I cannot say whether Dr Orange's supervision was "scandalously incompetent". That's for the Working Party to decide. But I must add that, if it were, and if my own research skills were as "abysmal" as Professor Evans also stated, I am thoroughly puzzled how I could then go straight on to write a very successful PhD under the same supervisor. My dissertation was examined by the world's leading experts in the field — one from Germany and one from the United states — and considered a superior piece of work by both. It has since been published by a reputable American academic press as part of a premier series, "Modern War Studies". It has sold well, and is now about to have its third reprint. And most importantly, it has received extremely favourable comments from leading authorities in international peer reviewed journals. That's not bad for an "abysmal" student and a "scandalously incompetent" supervisor!

I am pleased, however, that Professor Evans said (p. 5) that my thesis topic "is a perfectly legitimate one". I have been criticised in recent months for deciding to work on the topic — and as I told the Working Party last time, I sure do now wish I had chosen something else — so I am comforted by Professor Evans's statement that "the fact that two major books on the topic were both published contemporaneously with Dr Hayward’s MA thesis shows that not only was his choice of subject a reasonable one, but that it was made at a time when others had taken note of the phenomenon and decided to devote scholarly attention to it."

I am also actually quite pleased that Professor Evans has found few actual errors of fact in my work, as opposed to errors — real or claimed — in my interpretations and presentation of them (some of which he clearly detested). For example, I accept his statement on page 30 that I misdated an entry from Hitler's Table Talk (errors like this invariably creep in) and I accept his point (same section) that I got confused between the German and English editions of that source, and consequently mis-numbered a few pages. I tried my best throughout my thesis to get these things 100 percent right, and regret that I wasn't able to achieve total accuracy. But I did try, and did double-check sources, page numbers, etc.

Having said this, errors creep into the writing of the best of us. Even professional scholars — and not just young, inexperienced postgrads like I was then — make mistakes. This doesn't prove dishonesty. Even Professor Evans apparently made some goofs when reading my thesis.

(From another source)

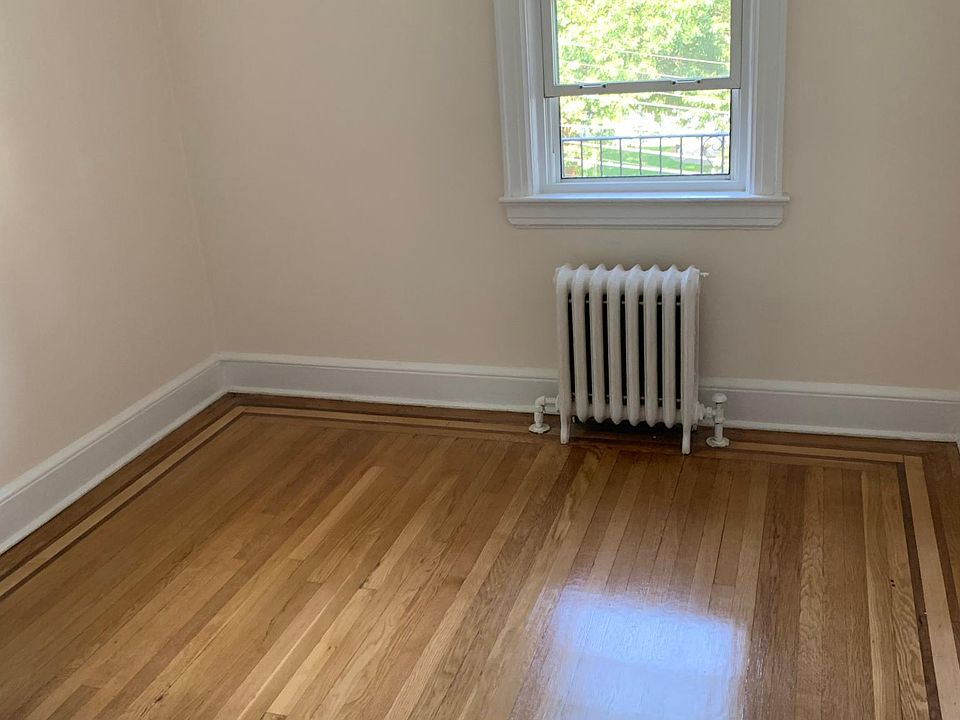 2nd image of 84 Leighton Ave #2FL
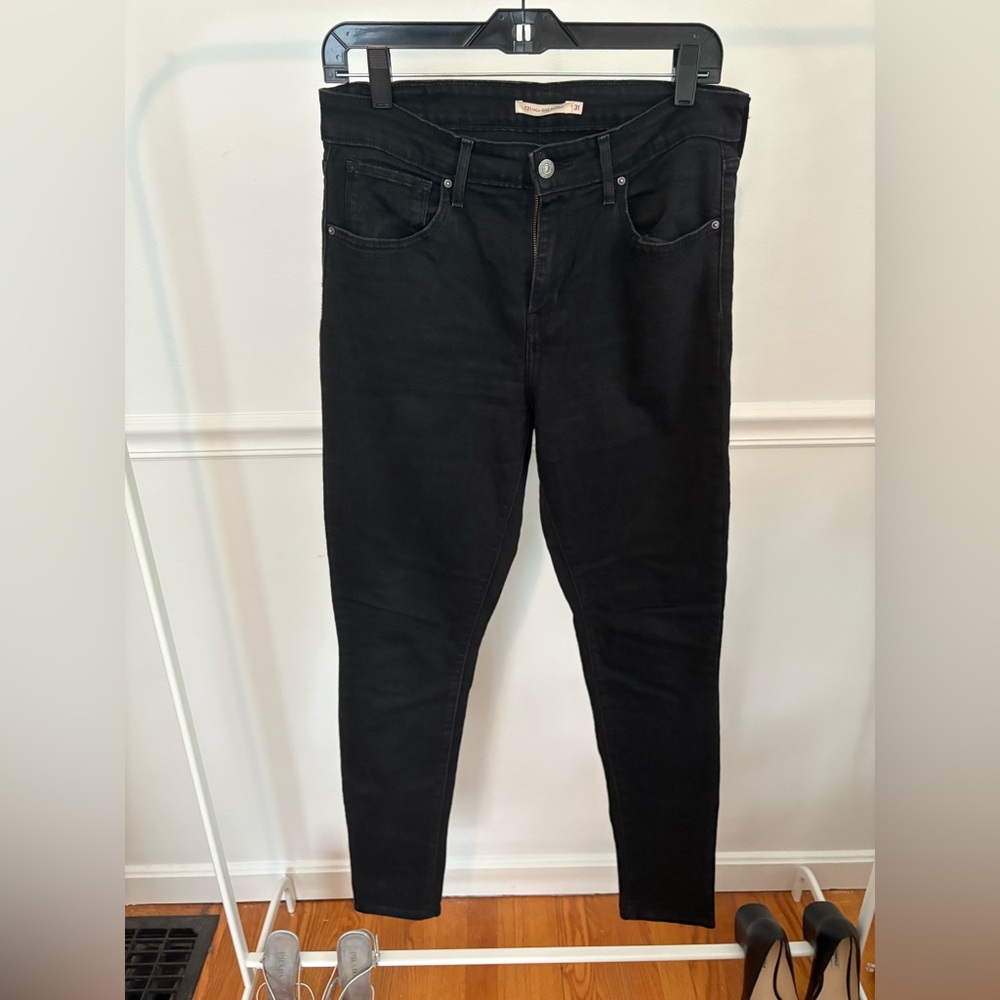 Levi's Black Skinny Jeans Sleek and Stylish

He claims on page 42 of his report that I try to whitewash the behaviour of a Mr Ditlieb Felderer, whom I had described as "an eccentric Swedish Holocaust Revisionist". He adds that I do "not mention" that Mr Felderer was a very strange and strident man who did nasty things like sending Jewish leaders packets containing fat or hair and asking whether they could prove they were from Jews killed in the Holocaust. But didn't Professor Evans read my description of Felderer and his actions on pages 20 and 21 (note 30) of my thesis? I clearly pointed out that Felderer sometime did abnormal and bizarre things and that these included sending hair samples, etc, to Jews. I also criticised these actions as "ill-considered and insensitive" and concluded that they "have naturally distressed Jewish people and are therefore to be condemned." So where's the whitewash? Obviously Professor Evans simply failed to read or remember this footnote paragraph.

Professor Evans accuses me in several places of making statements but not providing adequate supporting evidence. With great respect to the Professor, he is himself guilty of this charge. On page 29 of his report he stated: What is important to note is that Nazi policy in general, as well as specifically at Auschwitz, envisaged a selection of a minority of Jews for forced labour (albeit under conditions deliberately designed to lead to their death within a relatively short space of time) and the killing of the rest. Yet he provides no source, primary or secondary, to bear out this claim. It is merely presented as a truism. Even I provided evidence (strangely, cited by Professor Evans on the same page) to support such a claim in my thesis. On page 32 of his report Professor Evans asserts that "Himmler, indeed, and Bormann too, are on record at various points as insisting that direct language was not to be used by anyone when referring in writing or by word of mouth to the killing operations in the east." Again, he provides no source, primary or secondary, to bear out this claim. I could present numerous other cases where no evidence appears alongside claims made against me.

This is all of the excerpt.